(Dataset content begins)

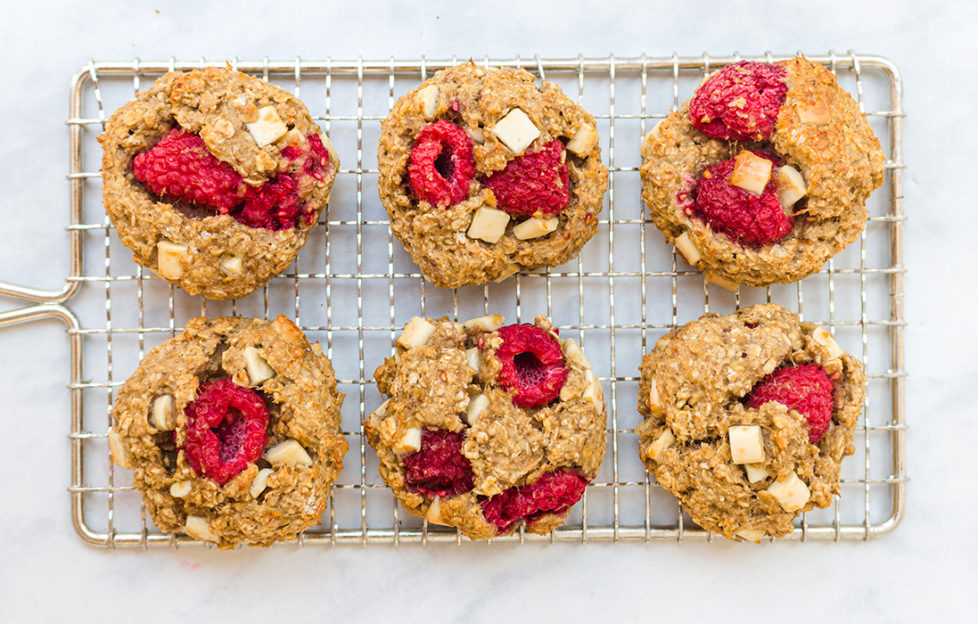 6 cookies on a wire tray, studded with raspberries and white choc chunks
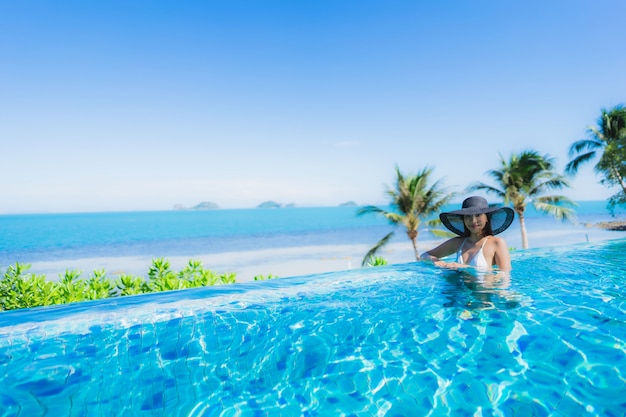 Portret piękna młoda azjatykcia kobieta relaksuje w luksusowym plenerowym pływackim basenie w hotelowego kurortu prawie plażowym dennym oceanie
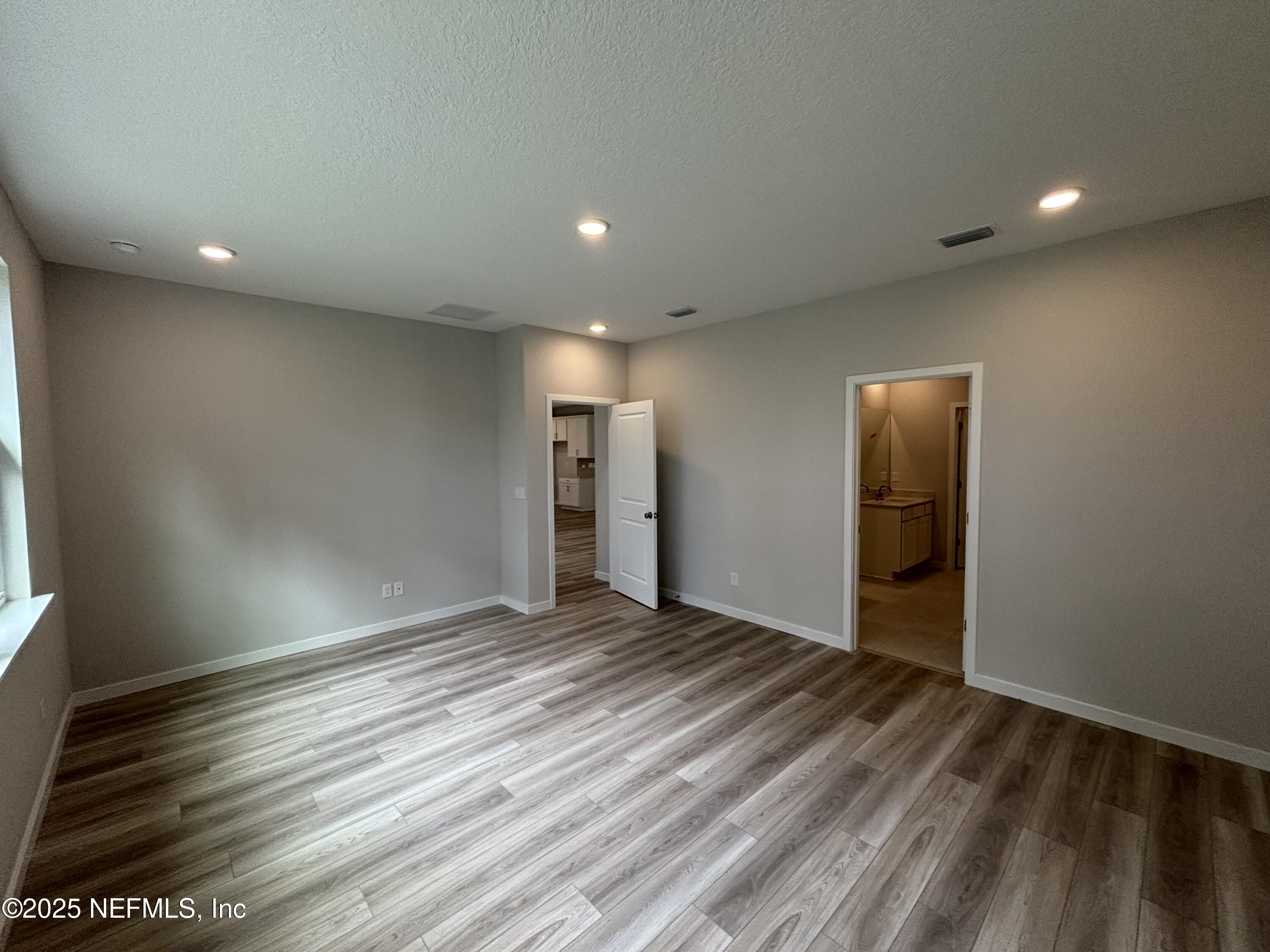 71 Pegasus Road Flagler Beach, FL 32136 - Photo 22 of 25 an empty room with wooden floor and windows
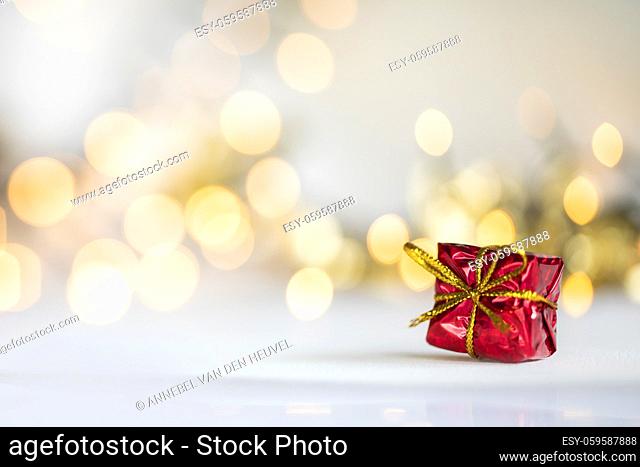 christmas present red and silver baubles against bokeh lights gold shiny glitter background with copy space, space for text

(Dataset content ends)

** Task requirements **
Each line of the listing must be restated word for word, and the pictures left out.

** Written solution **
 6 cookies on a wire tray, studded with raspberries and white choc chunks
 Portret piękna młoda azjatykcia kobieta relaksuje w luksusowym plenerowym pływackim basenie w hotelowego kurortu prawie plażowym dennym oceanie
 71 Pegasus Road Flagler Beach, FL 32136 - Photo 22 of 25 an empty room with wooden floor and windows
 christmas present red and silver baubles against bokeh lights gold shiny glitter background with copy space, space for text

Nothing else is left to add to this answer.